We present an analysis of the overall publishing landscape in the period 1500-1800 based on comprehensive harmonization and joint analysis of four large bibliographic catalogs. This has allowed us to assess publishing activity beyond what is accessible by the use of national catalogs alone. In addition to the historical analysis of knowledge production trends, we are releasing the openly licensed source code for catalog harmonization, and a notable improved version of the Finnish national bibliography, Fennica. This code and data release demonstrate the potential of our approach for research use of library catalogs, and the essential role that data harmonization and integration plays in this process.

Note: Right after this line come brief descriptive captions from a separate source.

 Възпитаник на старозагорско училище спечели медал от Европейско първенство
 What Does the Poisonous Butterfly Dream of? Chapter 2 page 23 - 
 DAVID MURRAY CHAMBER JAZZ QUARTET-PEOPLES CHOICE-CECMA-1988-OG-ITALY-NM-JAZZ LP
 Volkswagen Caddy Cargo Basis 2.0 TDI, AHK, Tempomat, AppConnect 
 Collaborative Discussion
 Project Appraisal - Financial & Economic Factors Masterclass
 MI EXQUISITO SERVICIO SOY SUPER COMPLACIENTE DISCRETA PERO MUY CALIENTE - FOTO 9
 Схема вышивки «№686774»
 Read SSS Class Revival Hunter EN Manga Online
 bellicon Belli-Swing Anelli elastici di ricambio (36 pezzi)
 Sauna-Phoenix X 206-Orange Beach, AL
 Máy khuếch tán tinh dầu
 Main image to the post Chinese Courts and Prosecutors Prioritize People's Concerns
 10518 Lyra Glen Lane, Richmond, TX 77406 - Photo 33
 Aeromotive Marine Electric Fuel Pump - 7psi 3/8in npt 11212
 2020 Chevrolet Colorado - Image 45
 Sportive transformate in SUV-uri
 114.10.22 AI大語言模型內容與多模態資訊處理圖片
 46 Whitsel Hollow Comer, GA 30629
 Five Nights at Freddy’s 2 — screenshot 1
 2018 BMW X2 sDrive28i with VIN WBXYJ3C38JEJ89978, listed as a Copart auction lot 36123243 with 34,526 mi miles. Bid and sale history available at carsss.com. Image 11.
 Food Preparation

The work directly addresses multiple aspects that are relevant to the CCQ journal in general, and the special issue on national bibliographies in particular. This work demonstrates how comprehensive data harmonization is essential for accurate and useful data retrieval tasks and relevant for the overall usability of the catalogue information, and how the available classification and subject analyses, geographical information, and other data can be utilized, augmented, enriched and validated based on auxiliary information sources.information sources, such as digital maps for instance. Integration of national bibliographies, special collections, and archives is relevant for international aspects of digital cataloging. As such the work highlights specific bottlenecks and shortcomings in the available cataloging and classification information, and can therefore provide relevant information for education, training, and management of cataloguing. Finally, we demonstrate how bibliographic catalog records can be used as a digital research resource, rather than a mere information retrieval tool.